First, we have $\Pr[U] = \Pr[R] = 1/2$; the probability that a randomly selected customer is urban is equal to the probability that a randomly selected customer is rural, and both are equal to $1/2$.

We are also given that $\Pr[A_n \mid U] = \mu$ and $\Pr[A_n \mid R] = \lambda$; that is, the probability of a given urban customer having an accident in year $n$ is $\mu$, and the probability of a given rural customer having an accident in year $n$ is $\lambda$.
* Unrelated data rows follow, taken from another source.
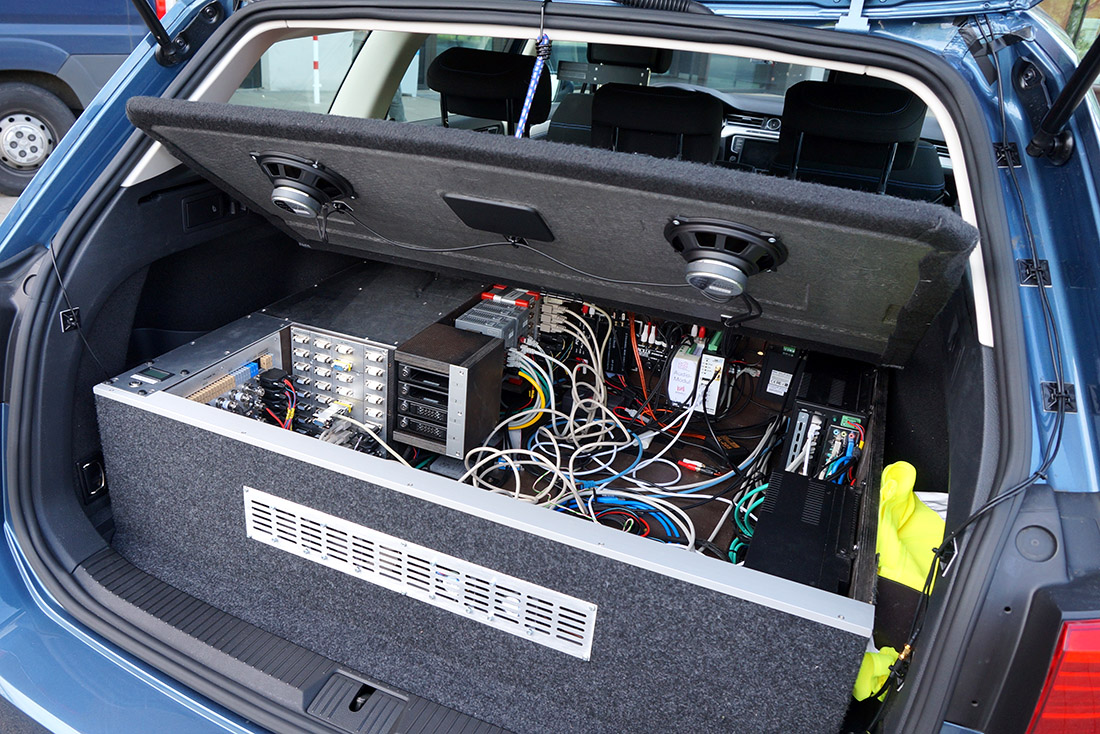 Ein Auto mit vielen Kabeln und Computern im Kofferraum verbaut.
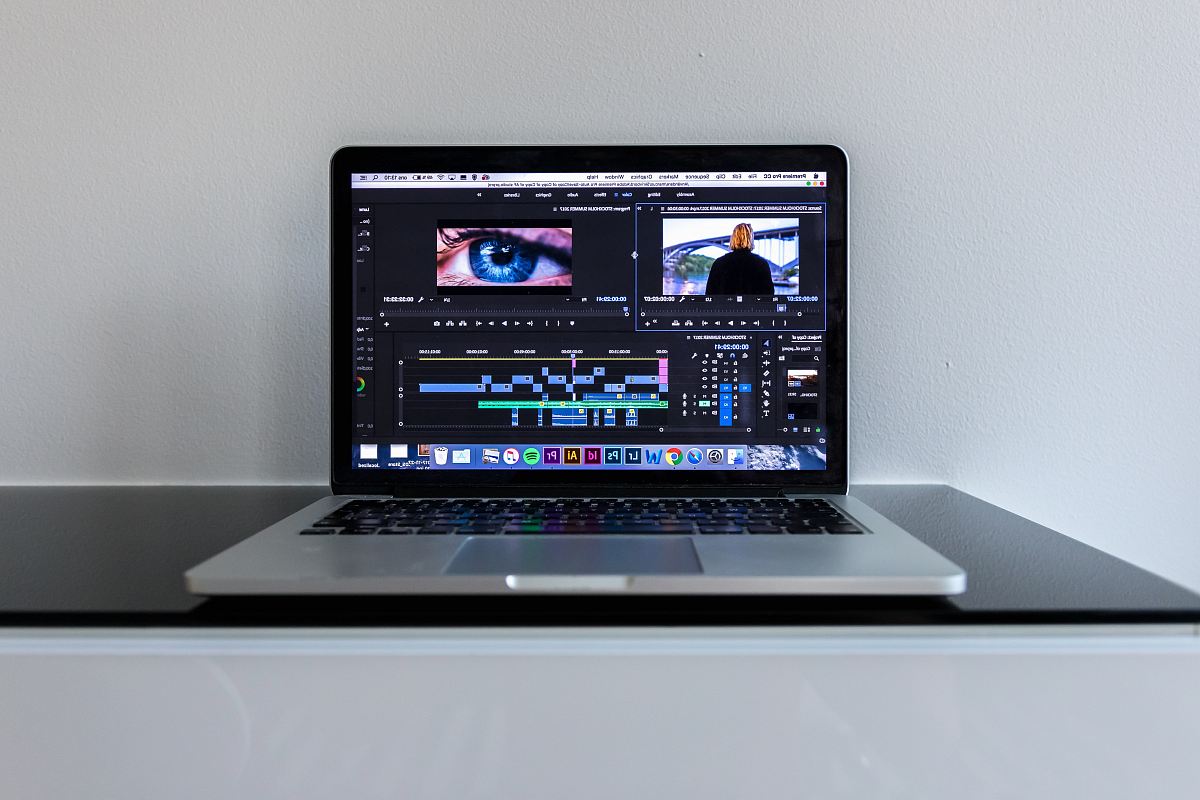 MacBook Pro on black desk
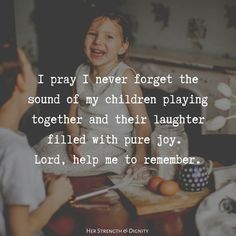 two children sitting at a table talking to each other with the words, i pray i never forget the sound of my children playing together and their laughter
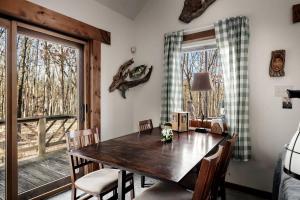 a dining room with a wooden table and a window at Lustrous Lakefront Cabin Oasis near Lake Ferndale in West Virginia in Springfield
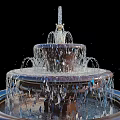 Elegant Multi Tiered Garden Fountain Ornament With Circular Stone Base And Flowing Water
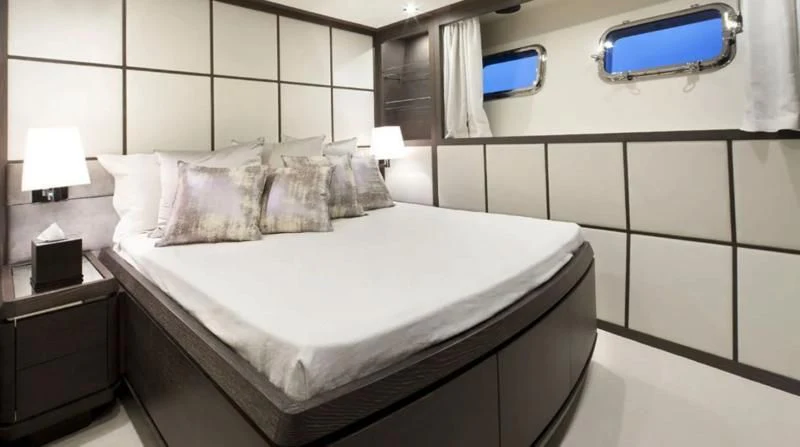 a bed with a white sheet and pillows aboard MUSE Yacht for Sale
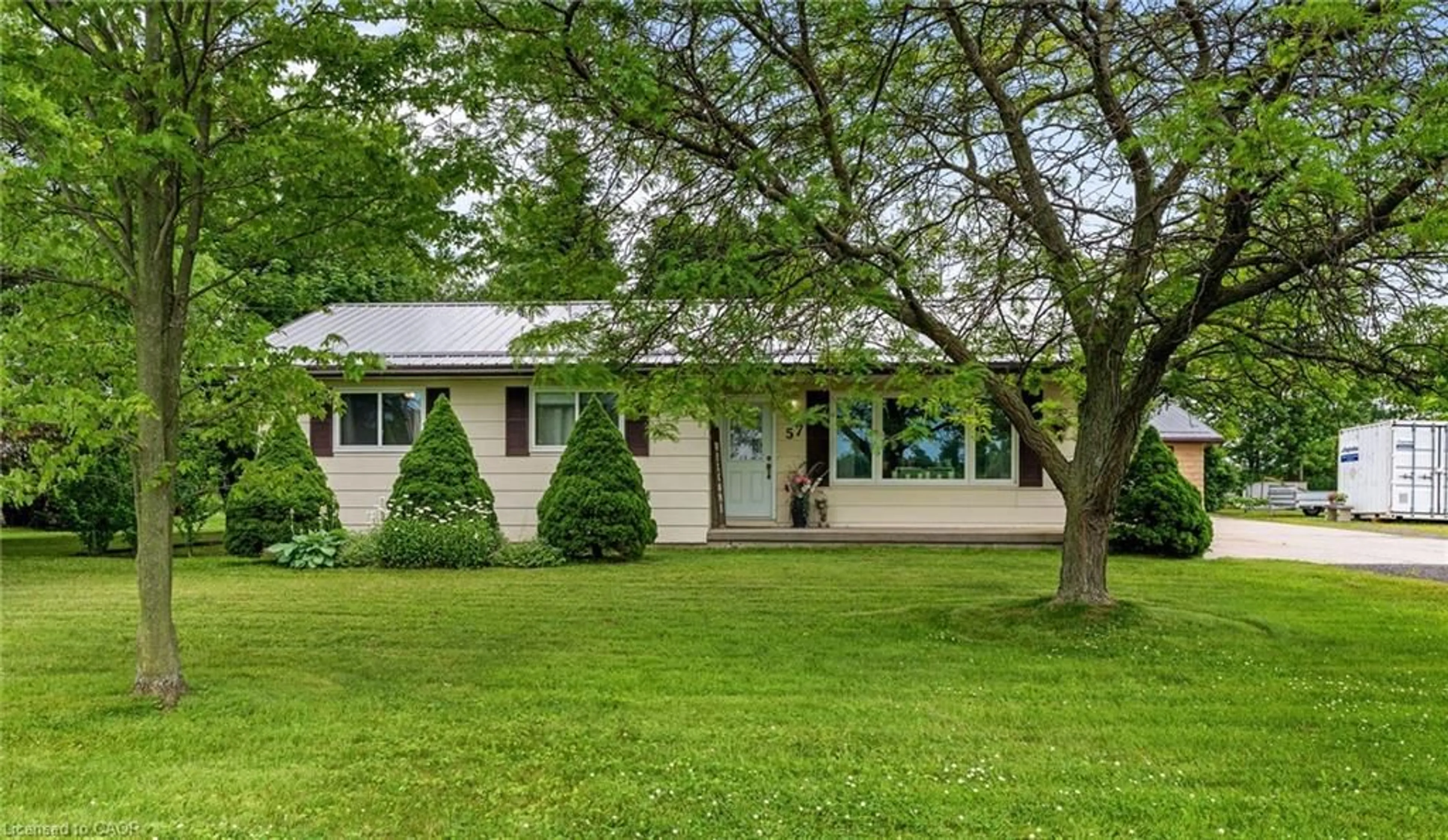 Home with vinyl exterior material, street for 57 Talbot St, Jarvis Ontario N0A 1J0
We are asked to find $\Pr[A_2 \mid A_1]$. To do this, we must use Bayes' rule: $$\Pr[X \mid Y] = \frac{\Pr[Y \mid X]\Pr[X]}{\Pr[Y]},$$ for two events $X$ and $Y$. Applying this with the choice $X = U$, $Y = A_1$, we get $$\Pr[U \mid A_1] = \frac{\Pr[A_1 \mid U]\Pr[U]}{\Pr[A_1]} = \frac{\mu/2}{\Pr[A_1]}.$$ But what is the unconditional probability $\Pr[A_1]$, that is, what is the chance that a randomly selected customer has an accident in the first year? Clearly, it relates to all four probabilities we were given--the probability of choosing an urban vs. rural customer; and the probabilities of customers of each type having an accident. The answer is to use the law of total probability: $$\Pr[X] = \Pr[X \mid Y_1]\Pr[Y_1] + \Pr[X \mid Y_2]\Pr[Y_2] + \cdots + \Pr[X \mid Y_n]\Pr[Y_n],$$ for an event $X$ and for a set of mutually disjoint events $Y_1, Y_2, \ldots, Y_n$ that satisfy $\Pr[Y_1] + \Pr[Y_2] + \cdots + \Pr[Y_n] = 1$. This is the discrete, finite version of the law. Applied to this case, we see that $$\Pr[A_1] = \Pr[A_1 \mid U]\Pr[U] + \Pr[A_1 \mid R]\Pr[R] = \frac{\mu}{2} + \frac{\lambda}{2} = \frac{\mu+\lambda}{2}.$$ Therefore, $$\Pr[U \mid A_1] = \frac{\mu}{\mu+\lambda}.$$ And similarly, $$\Pr[R \mid A_1] = \frac{\lambda}{\mu+\lambda}.$$ Now to find $\Pr[A_2 \mid A_1]$, it serves to condition $A_2$ on the customer type: $$\Pr[A_2 \mid A_1] = \Pr[A_2 \mid U]\Pr[U \mid A_1] + \Pr[A_2 \mid R]\Pr[R \mid A_1] = \frac{\mu^2+\lambda^2}{\mu+\lambda}.$$ To understand why this works, the LHS says that the customer had an accident in the first year. This customer is urban with probability $\Pr[U \mid A_1] = \mu/(\mu+\lambda)$, and if so, will have another accident next year with probability $\Pr[A_2 \mid U] = \mu$. And if this customer is rural with probability $\Pr[R \mid A_1] = \lambda/(\mu+\lambda)$, they will have another accident with probability $\Pr[A_2 \mid R] = \lambda$. This is the answer to (1).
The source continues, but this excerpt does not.